Be sure to print out handouts for:

• t-test
• chi-square
• pearson r

I. Introduction

A. Conceptual perspective - what are doing when we analyze quantitative data?

1.     Computing statistic that represents the data (e.g., mean differences)

2.      Results (e.g., mean differences) can be due to IV, confound, or error

3.   Comparing the results (e.g., mean differences) we obtain with what we might expect by chance.

4. If determined unlikely to have occurred by chance, then infer results (e.g., mean differences) are "real", that they are "statistically significant"

B. The role of probability, chance and error

1. Use principles of probability (likelihood) to make decisions about data

2. Could these results have occurred by chance?

e.g.,  consider the mean scores of two groups  12.0 and 13.0. Are they really different? Or did they different simply by chance?

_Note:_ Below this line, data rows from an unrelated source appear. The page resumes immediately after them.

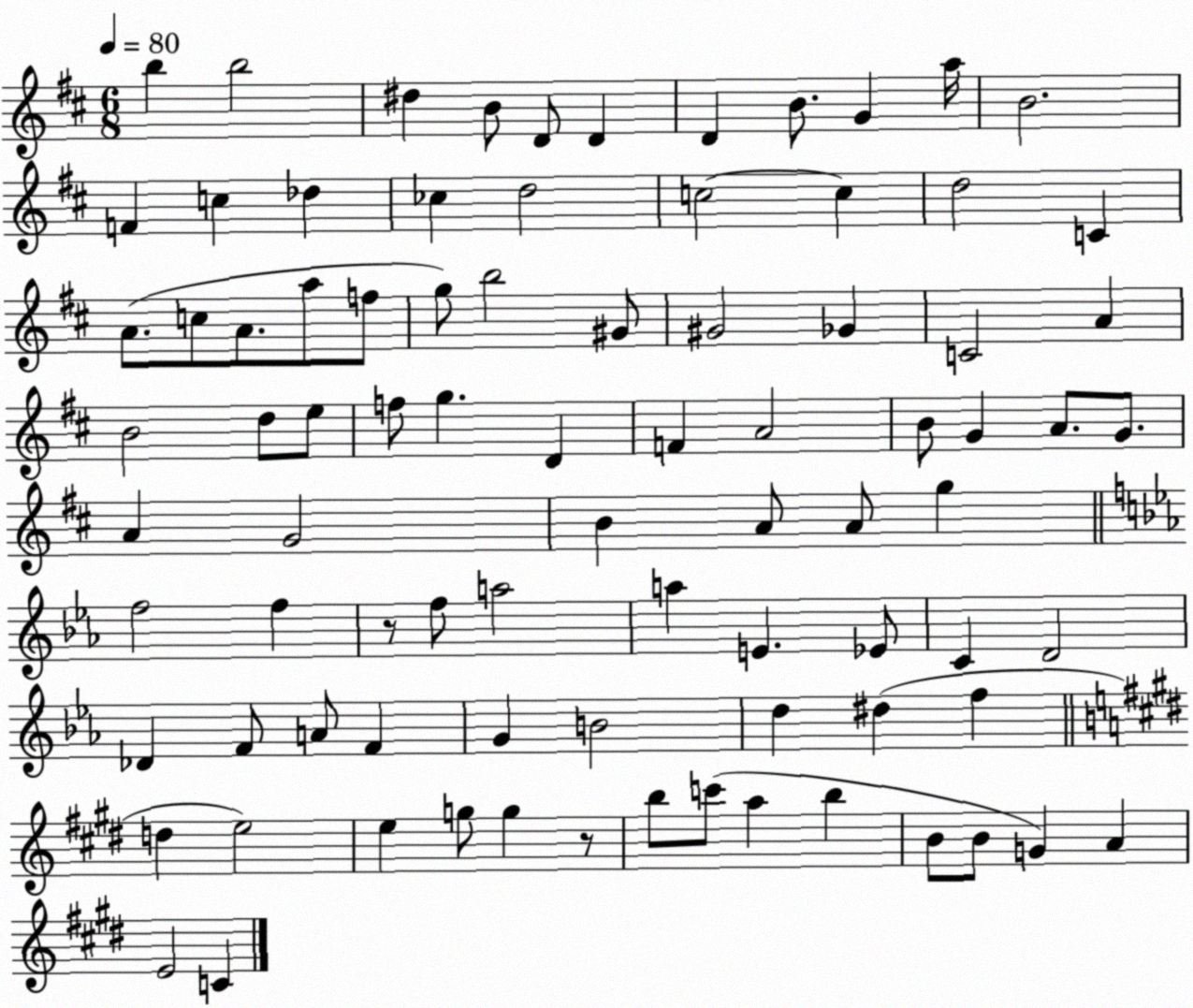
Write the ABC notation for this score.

X:1
T:Untitled
M:6/8
L:1/4
K:D
b b2 ^d B/2 D/2 D D B/2 G a/4 B2 F c _d _c d2 c2 c d2 C A/2 c/2 A/2 a/2 f/2 g/2 b2 ^G/2 ^G2 _G C2 A B2 d/2 e/2 f/2 g D F A2 B/2 G A/2 G/2 A G2 B A/2 A/2 g f2 f z/2 f/2 a2 a E _E/2 C D2 _D F/2 A/2 F G B2 d ^d f d e2 e g/2 g z/2 b/2 c'/2 a b B/2 B/2 G A E2 C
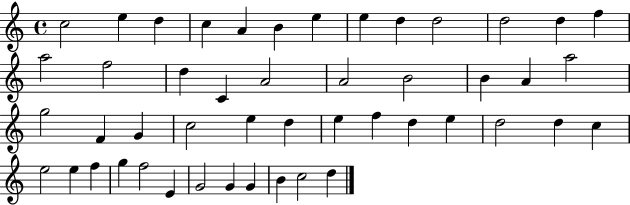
X:1
T:Untitled
M:4/4
L:1/4
K:C
c2 e d c A B e e d d2 d2 d f a2 f2 d C A2 A2 B2 B A a2 g2 F G c2 e d e f d e d2 d c e2 e f g f2 E G2 G G B c2 d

All things being equal, we are more convinced when we see larger differences between means.  Why?

 

 

 

 

All things being equal, we are more convinced when standard deviations are low. Why?

 

 

 

 

All things being equal, we are more convinced when numbers are participants are high. Why?

II. Hypothesis testing

A. Null hypothesis/Experimental hypothesis

B.  Decision: Fail to reject vs. reject

• reject null = statistical significance

C.     Making decisions and making mistakes

Possible outcomes:

1.      Type I error 

2.      Type II error

Which error is worse?

3.      Power

Power is increased by:

•  Reducing error (as measured by s)

•  Increasing # of subjects

•  Increasing the effect size

III. Inferential Statistics

A. What is meant by inference?

B.  t-test

• used to test association between categorical variable (group membership) and continuous variable (e.g., mean differences in performance)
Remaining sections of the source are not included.